In this section I will review the games by platforms and genres:
As mentioned earlier, most games are from the action genre, mainly from the PC, Nintendo and Playstation platforms. The highly rated RPG genre is evenly distubuted among these platforms. The Nintendo platform, is widely present in all genres and there’s a high amount of games in the “other genre” categry, which further emphesizes he need to review this categoty. Most Xbox Sega and smaller platform games are from the action genre, and these were the platforms that has the highest amount of very high rankings.

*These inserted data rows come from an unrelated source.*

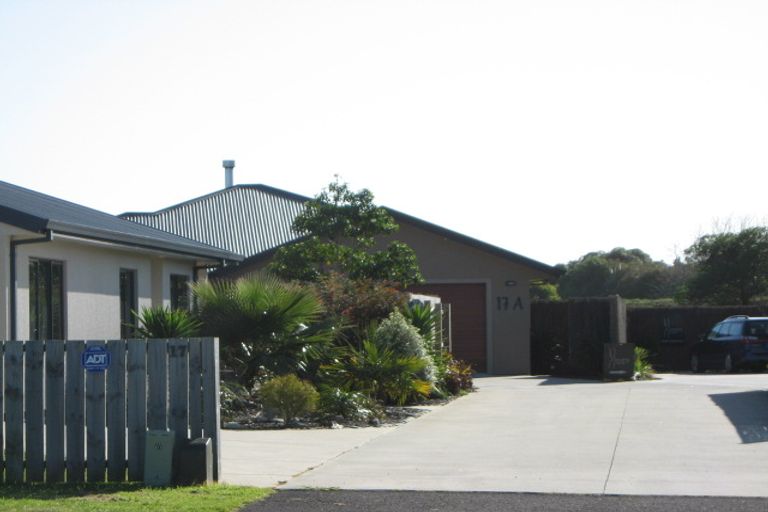 Photo of property in 17a Bunyan Road, Coastlands, Whakatane, 3120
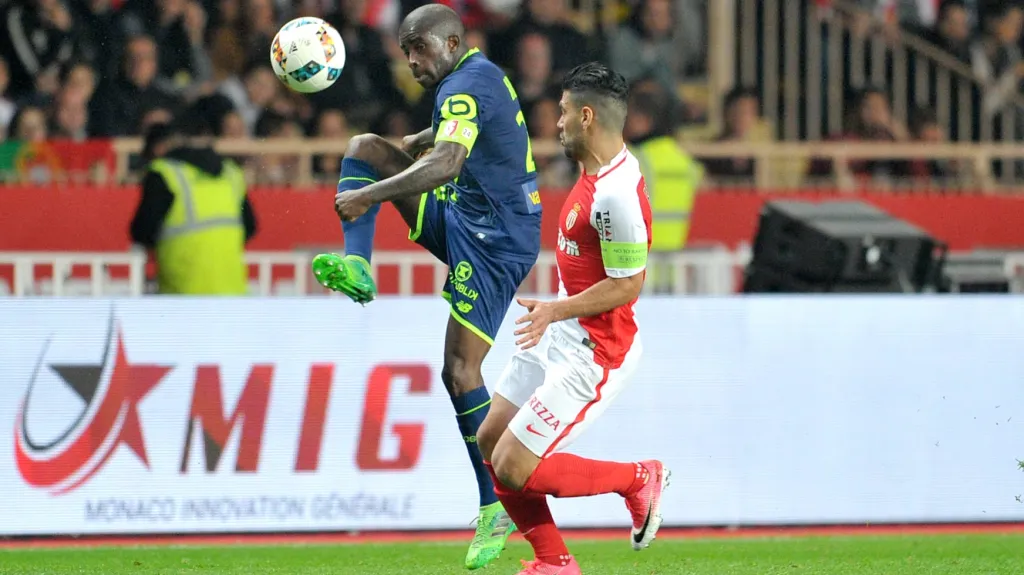 Rio Mavuba (vlevo) v utkání proti Monaku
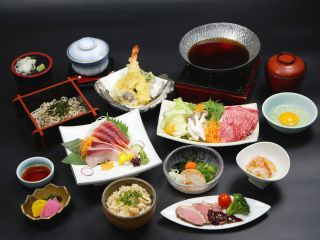 【季節の旅ごこち御膳】旬をお楽しみいただける御膳となっております。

Let’s review the numerical scorings:
## newGenre AVG_Score
## 8 RPG 7.490524
## 9 Shooter 7.087476
## 12 Strategy 7.077423
## 5 Music 6.984559
## 4 Flight 6.916783
## 1 Action 6.915130
## 6 Other 6.890380
## 2 Advent. 6.856034
## 11 Sport 6.772688
## 7 Racing 6.740217
## 10 Sim 6.708039
## 3 Assorted 6.487437
## newPlatform AVG_Score
## 2 Apple 7.366534
## 1 Android 7.350000
## 8 Sega 7.272862
## 5 Other 7.191210
## 6 PC 7.093362
## 10 Xbox 7.087042
## 3 Atari 7.052941
## 9 SmallPlat. 7.042857
## 7 PlayStation 6.904976
## 4 Nintendo 6.546212
XXXXX
These are the platform and genre combinations with the highest very high ratings: - Android- Strategy - Apple - Strategy - Apple - Other - Apple - Music - Apple - Adventure - Atari - Flight - Nintendo - Adventure - Other - RPG - Other - Action - PC - Racing - PC - Music - PC - Action - Playstation - Strategy - Playstation - Sport - Playstation - Other - Playstation - Action - Sega - RPG - Sega - Assorted - Small Platforms - RPG - Xbox - RPG - Xbox - Other - Xbox - Music
I will now plot the same combinations but with the numerical scoring (different coloring was used in order to emphesize the difference between the results):
There we can see that the combination Playstation - Strategy has the higher numerical score.
Below I review the average score of the platforms and genres that stood out:
It is intering to see that the smaller platforms have extremely low average rating on the highly rated RPG genre, while being highly rated in the strategy genre. Sega’s best games average scoring is actually from the music genre, but it is also highly rated in RPG games. Xbox’s best rated games are shooters.
The best RPG games are definitely from the Sega Platform, and Nintendo’s racing games still stand out as the worst rated.
We can see that Nintendo not only had the highest amount of very low scores, but also has the lowest overall average score. Sega was among the platforms with highest amount of very high scores and also has an overall high average score but Xbox and smaller platform are actually not among the highest averaged scores. This places Sega as the top rated platform, with the highest average score. RPG continues to be the highest rated genre and racing is lowest rated one.